START GIVEN MATERIAL

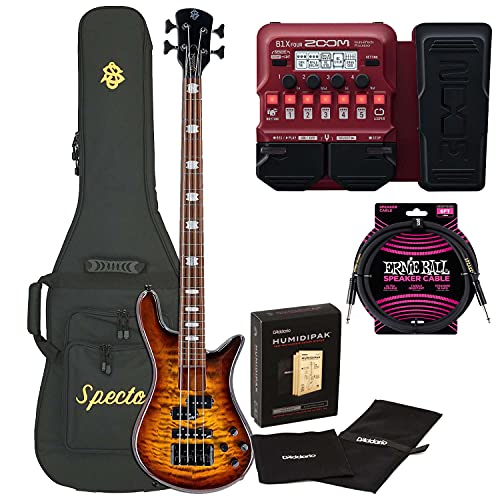 Spector EuroBolt 4 Bass Guitar – Tobacco Sunburst Gloss, Zoom B1X Pedal, ErnieBall Cable, Humidipak Bundle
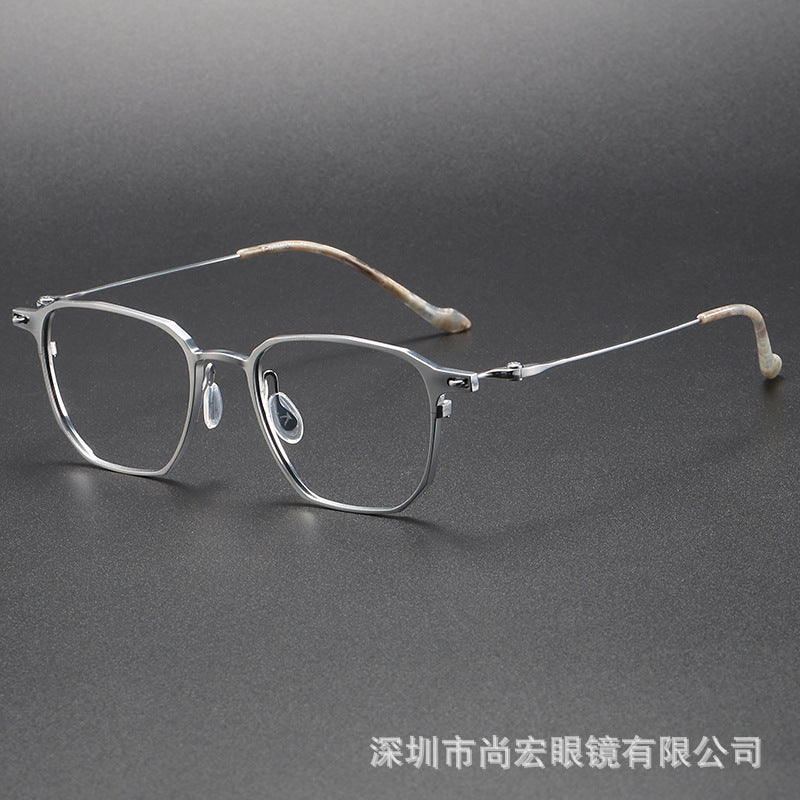 Business and fashionable titanium plate square frame glasses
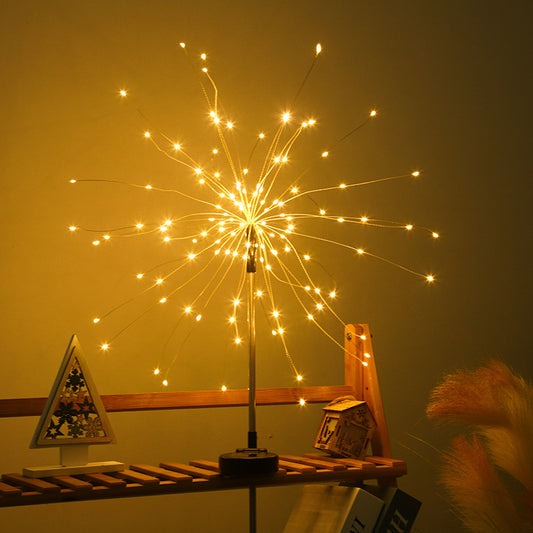 Solar Powered Lawn Ground Mounted Fireworks Lamp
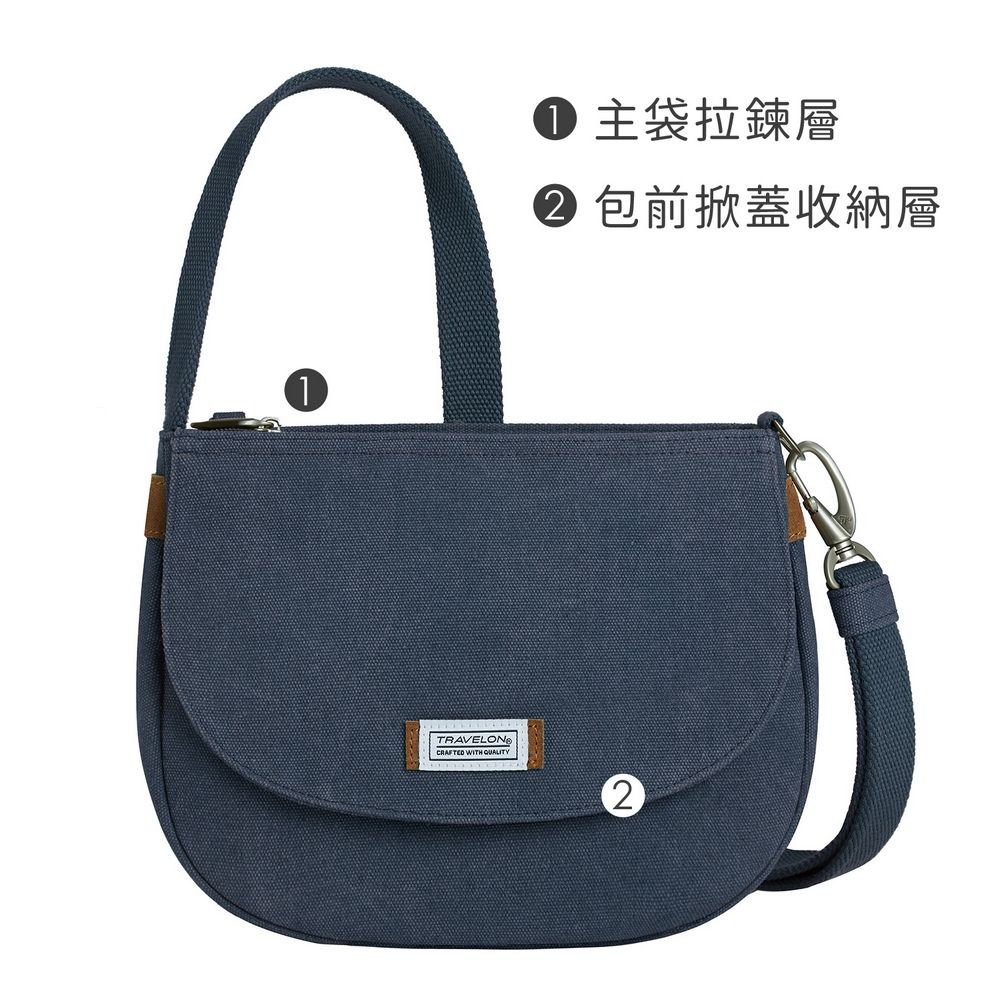 TRAVELON 美國 Heritage帆布3層輕便防盜斜背包(牛仔藍) / 側背包 斜肩包 小包 背帶包 防割防搶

END GIVEN MATERIAL

= PROBLEM DETAILS =
Set down all of the material above exactly as written, leaving the pictures out.

= WRITTEN SOLUTION =
 Spector EuroBolt 4 Bass Guitar – Tobacco Sunburst Gloss, Zoom B1X Pedal, ErnieBall Cable, Humidipak Bundle
 Business and fashionable titanium plate square frame glasses
 Solar Powered Lawn Ground Mounted Fireworks Lamp
 TRAVELON 美國 Heritage帆布3層輕便防盜斜背包(牛仔藍) / 側背包 斜肩包 小包 背帶包 防割防搶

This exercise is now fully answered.